Le Con­seil fédé­ral a pré­sen­té un pro­jet de révi­si­on tota­le de la loi fédé­ra­le sur la signa­tu­re élec­tro­ni­que (SCSE). Extrait du message :

La pré­sen­te révi­si­on tota­le de la SCSE vise à don­ner au Con­seil fédé­ral la com­pé­tence de régle­men­ter, en plus de la signa­tu­re élec­tro­ni­que qua­li­fi­ée actu­el­le, qui reste acce­s­si­ble uni­quement aux per­son­nes phy­si­ques, deux aut­res appli­ca­ti­ons simi­lai­res de cer­ti­fi­cats élec­tro­ni­ques. Out­re la signa­tu­re élec­tro­ni­que régle­men­téeSi les exi­gen­ces sont rédui­tes, il s’a­git de l’é­lé­ment de base. scel­lés élec­tro­ni­ques régle­men­tésqui est éga­le­ment acce­s­si­ble aux per­son­nes mora­les et aux auto­ri­tés. Ces deux nou­vel­les appli­ca­ti­ons ne doi­vent en aucun cas être con­fon­dues avec le con­cept juri­di­que de la signa­tu­re élec­tro­ni­que. Leur uti­li­sa­ti­on n’a pas d’ef­fets juri­di­ques directs et ne sert qu’à garan­tir la garan­tie d’o­ri­gi­ne et l’in­té­gri­té de la com­mu­ni­ca­ti­on con­cer­née.

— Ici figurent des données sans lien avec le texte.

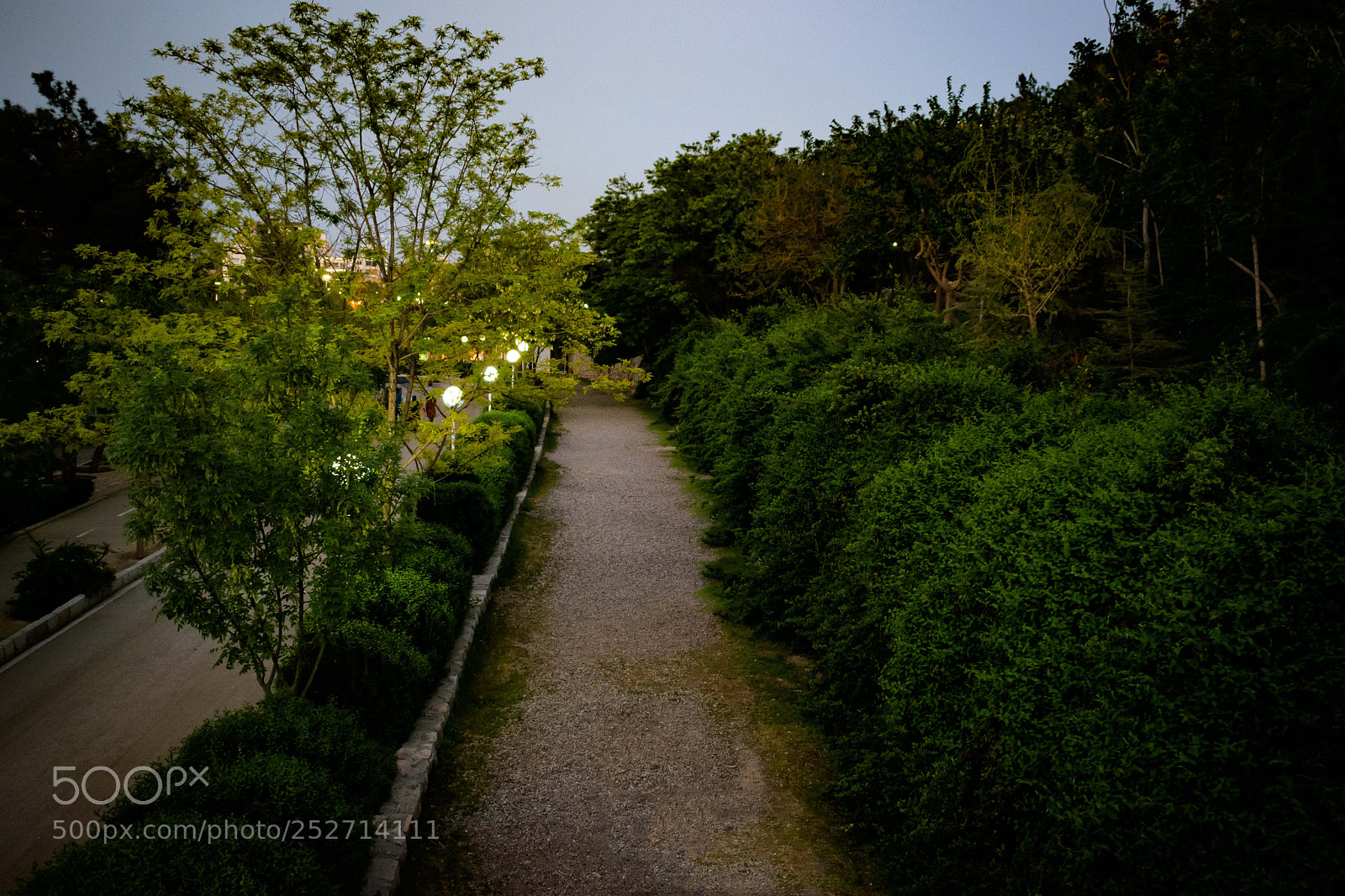 Nikon D3300 sample photo. Walking pathway in koohsangi photography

En out­re, l’au­then­ti­fi­ca­ti­on sécu­ri­sée doit être réglée juri­di­quement en tant qu’aut­re appli­ca­ti­on des cer­ti­fi­cats élec­tro­ni­ques. Enfin, l’in­té­gra­ti­on de la signa­tu­re élec­tro­ni­que ou du sceau élec­tro­ni­que dans les dif­fé­ren­tes lois et ordon­nan­ces doit, dans la mesu­re du pos­si­ble, fai­re l’ob­jet d’u­ne cor­rec­tion ter­mi­no­lo­gi­que ou d’u­ne simplification”.